Mossy Oak, is that avatar actually your boat? I need a wrap done on mine bad. Where do I go and how much do I need to expect to pay. Located in Austin


----------



## Capt Chad (May 1, 2006)

Is there a web site for the tournament?


----------



## whos your daddy (Jun 2, 2004)

Capt Chad

No website for the tournament. I will have tournament brochures ready in a couple of weeks for whomever needs one mailed to them.

Mark


----------



## brianw5121 (Aug 7, 2005)

*Tuttles*

My team will be there on a new boat. I am looking for revenge since the winning king was caught 10ft from my boat last year.

Brian


----------



## Dolphingirl (Apr 5, 2006)

*Tuttles 2006*

Here are a few pics of the tourney last year. Some big fish and some good times...Can't wait until summer!

Kelly


----------



## Haute Pursuit (Jun 26, 2006)

We are going to try and make it. Does no check out mean you could leave from Gorda also? Just wondering...


----------



## Dolphingirl (Apr 5, 2006)

*more*

here are a few more!


----------



## whos your daddy (Jun 2, 2004)

You may leave from Matagorda , but you must arrive by water and weigh in at Tuttles in Sargent. I am working on some other details involving the no checkout this year. I will post them up soon.


----------



## Haute Pursuit (Jun 26, 2006)

Kewl... Thanks!


----------



## Savage Rods (Apr 27, 2005)

*Savage Rods*

It is our pleasure to help sponser this tourney. Thanks for allowing us to be part of this. It sounds pretty exciting and reading the posts, looks like a kick butt good time too. Maybe I can get on one of these boats and potlick someones beer. lol Seriously, Mark, thanks again for the opportunity and it looks like it'll be a great time for all.

Don


----------



## kingkatcher (Aug 31, 2004)

*sounds good*

Looking forward to it, as we have had a blast the first two years...

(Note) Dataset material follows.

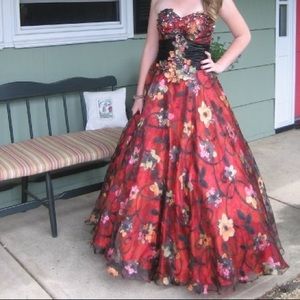 Blush Prom (Prom/Quinceañera) ball gown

Brian, you know you'll have to fish with us again this year at this one, and maybe Rob will go overboard again gaffing a big one...LMAO...that was priceless. One these days I'm going to download the video footage to my computer so that I can post a video clip of that episode!


----------



## whos your daddy (Jun 2, 2004)

*Tuttles Offshore*

Getting closer , mark your calenders.


----------



## Sixtoe (Jul 8, 2004)

Ready and Waiting............


----------



## Capt Chad (May 1, 2006)

Did you get a web site or can you post some details?

Thanks,
Chad


----------



## Judaville (Feb 9, 2005)

Brian, as long as I can steer you clear of Soty and his "Bad Habit" buddies. There's no telling what will be in Soty's sippy cup.


----------



## captainnordloh (Aug 30, 2006)

Don Savage said:


> It is our pleasure to help sponser this tourney. Thanks for allowing us to be part of this. It sounds pretty exciting and reading the posts, looks like a kick butt good time too. Maybe I can get on one of these boats and potlick someones beer. lol Seriously, Mark, thanks again for the opportunity and it looks like it'll be a great time for all.
> 
> Don


Thanks for the sponsorship, Don. You da man!


----------



## whos your daddy (Jun 2, 2004)

*Tournament*

Capt Chad,

I dont have a website set up. I can anwswer and specific questions you have. Most of the tournament details are mentioned on the first page of this thread but if you have any other questions , feel free to p.m me and I will answer them.


----------



## Savage Rods (Apr 27, 2005)

Thanks Cap't. I am looking forward to it. Looking forward to spending some time meeting you too.

Don


----------



## Capt Chad (May 1, 2006)

PM sent thanks.


----------



## whos your daddy (Jun 2, 2004)

*Tuttles Offshore Tournament*

Website is now up and running www.tuttlesoffshoretournament.com. More details to come soon.


----------



## 2KSOTY (Jun 6, 2005)

*T-shirts*

Mark,

Any t-shirts for pre-sale. I think I saw some available for an inshore tournamnet at Tuttles. Thanks for the work you are putting into this event.

Team Bad Habit


----------



## whos your daddy (Jun 2, 2004)

*Tournament Shirts*

We are getting a logo for the shirts for the offshore tournament also. We should have them in a few weeks or so.

Thanks


----------



## BigMikes809 (Oct 23, 2005)

Hey Mark, got your PM, will get on it.
What does an out of stater need to do to bring a boat to Texas for tournaments?
BigMike


----------



## KGROBA (Aug 15, 2005)

I don't know what 2KSOTY is talking about, I guess he is wanting a T-shirt because he has to may responsibilities this year to fish.


----------



## 2KSOTY (Jun 6, 2005)

*Whatever...*



KGROBA said:


> I don't know what 2KSOTY is talking about, I guess he is wanting a T-shirt because he has to may responsibilities this year to fish.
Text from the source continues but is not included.